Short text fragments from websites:
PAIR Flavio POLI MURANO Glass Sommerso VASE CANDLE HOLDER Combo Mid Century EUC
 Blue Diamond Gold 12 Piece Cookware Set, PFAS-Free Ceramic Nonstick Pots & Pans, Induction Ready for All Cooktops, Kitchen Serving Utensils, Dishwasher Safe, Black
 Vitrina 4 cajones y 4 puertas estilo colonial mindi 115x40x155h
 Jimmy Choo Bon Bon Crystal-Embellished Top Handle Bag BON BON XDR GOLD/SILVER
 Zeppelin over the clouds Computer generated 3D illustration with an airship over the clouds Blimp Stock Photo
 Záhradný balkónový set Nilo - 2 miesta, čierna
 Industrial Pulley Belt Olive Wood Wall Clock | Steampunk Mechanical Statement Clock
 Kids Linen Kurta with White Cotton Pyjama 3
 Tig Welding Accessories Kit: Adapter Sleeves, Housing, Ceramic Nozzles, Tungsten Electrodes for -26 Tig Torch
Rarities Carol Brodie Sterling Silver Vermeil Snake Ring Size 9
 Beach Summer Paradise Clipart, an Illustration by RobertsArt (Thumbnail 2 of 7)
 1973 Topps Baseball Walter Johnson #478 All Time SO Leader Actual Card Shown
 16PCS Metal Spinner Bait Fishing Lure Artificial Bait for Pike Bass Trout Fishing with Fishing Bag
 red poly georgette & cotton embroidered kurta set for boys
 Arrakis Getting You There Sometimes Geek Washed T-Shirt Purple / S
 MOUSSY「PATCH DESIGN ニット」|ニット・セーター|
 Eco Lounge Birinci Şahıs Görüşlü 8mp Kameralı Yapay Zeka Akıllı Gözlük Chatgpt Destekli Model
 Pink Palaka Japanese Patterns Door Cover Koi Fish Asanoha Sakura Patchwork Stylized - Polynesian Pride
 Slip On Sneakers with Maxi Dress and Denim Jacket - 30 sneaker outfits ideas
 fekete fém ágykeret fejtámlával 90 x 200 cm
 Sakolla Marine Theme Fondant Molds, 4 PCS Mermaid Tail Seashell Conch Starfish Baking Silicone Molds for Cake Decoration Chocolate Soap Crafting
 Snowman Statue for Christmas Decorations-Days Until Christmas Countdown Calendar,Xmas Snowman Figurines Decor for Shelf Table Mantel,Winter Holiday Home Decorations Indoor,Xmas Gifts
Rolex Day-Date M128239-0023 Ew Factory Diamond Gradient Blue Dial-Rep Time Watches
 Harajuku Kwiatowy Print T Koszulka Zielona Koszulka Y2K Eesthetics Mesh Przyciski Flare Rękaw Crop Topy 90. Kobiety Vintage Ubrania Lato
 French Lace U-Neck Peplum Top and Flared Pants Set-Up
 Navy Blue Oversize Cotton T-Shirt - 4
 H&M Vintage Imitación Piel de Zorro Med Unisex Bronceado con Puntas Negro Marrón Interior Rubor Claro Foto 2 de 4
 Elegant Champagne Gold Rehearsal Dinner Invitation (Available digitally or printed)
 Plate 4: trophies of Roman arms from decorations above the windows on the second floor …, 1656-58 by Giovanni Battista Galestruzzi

Problem to work on: An exact copy of the lines above, from the one containing "Jimmy Choo Bon" through the one containing "Industrial Pulley Belt", is the whole of the answer.

Answer for the task:
 Jimmy Choo Bon Bon Crystal-Embellished Top Handle Bag BON BON XDR GOLD/SILVER
 Zeppelin over the clouds Computer generated 3D illustration with an airship over the clouds Blimp Stock Photo
 Záhradný balkónový set Nilo - 2 miesta, čierna
 Industrial Pulley Belt Olive Wood Wall Clock | Steampunk Mechanical Statement Clock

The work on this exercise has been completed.